I’m not saying there will be “candles all over the place” by nightfall tomorrow, but I’m willing to believe a few people will lay flowers. We’re just talking flowers, by the way, but authorities will notice. They’ll think, Next time, what if it’s not just flowers commemorating the innocent victim of a random attack? What if it’s, say, to commemorate a self-immolation at Tianamen? (Guess where I learned about the man who purportedly set himself on fire at Tiananmen last night?) What if it’s… something bigger?

It seems almost impossible that WeChat escapes official censure. It’s too easy to use, and thereby too dangerous. And this is how an innovative piece of technology that’s born in the People’s Republic of China dies there. Eventually, the only thing left to destroy will be censorship itself.

UPDATE, 4:16 pm: Flowers.

6 Responses to “The Age Of The Intranet: WeChat Gets Its Weibo Moment”

  1. insanshunas

    Weixin censorship has been well underway for quite some time in Xinjiang, where for the last year there have been regular stories about people disappearing because of sensitive (usually religious) messages they posted or forwarded or just happened to save to Favorites.

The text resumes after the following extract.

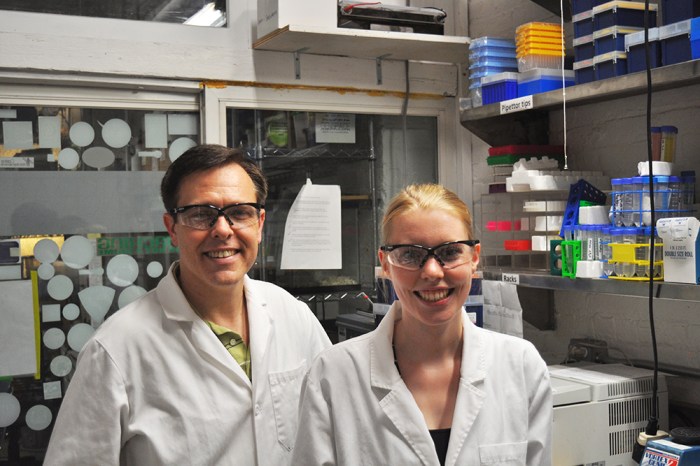 Genspace, Karlijn Sibbel, Michael Flanagan, cellulose protocols, laboratory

Some workplaces and institutes of higher education are rumored to have special satellites set up to intercept and read all messages sent within campus grounds, and police can jump in swiftly to punish anyone deemed to be sharing things that are “improper.” Weixin has gotten to be such a serious and punishable issue in southern Xinjiang (especially for Uyghur men, who are routinely seen as the most dangerous by certain governing bodies) that there is a revived market for old Nokias and other “dumb phones,” which provide ways of circumventing intrusive Weixin checks on smartphones when going through any one of the myriad checkpoints one can encounter in the south.

    • jixiang

      Anyone who thinks that what they write on Weixin cannot be traced is fooling themselves. It’s a company based in China, so it’s obvious that it’s also monitored.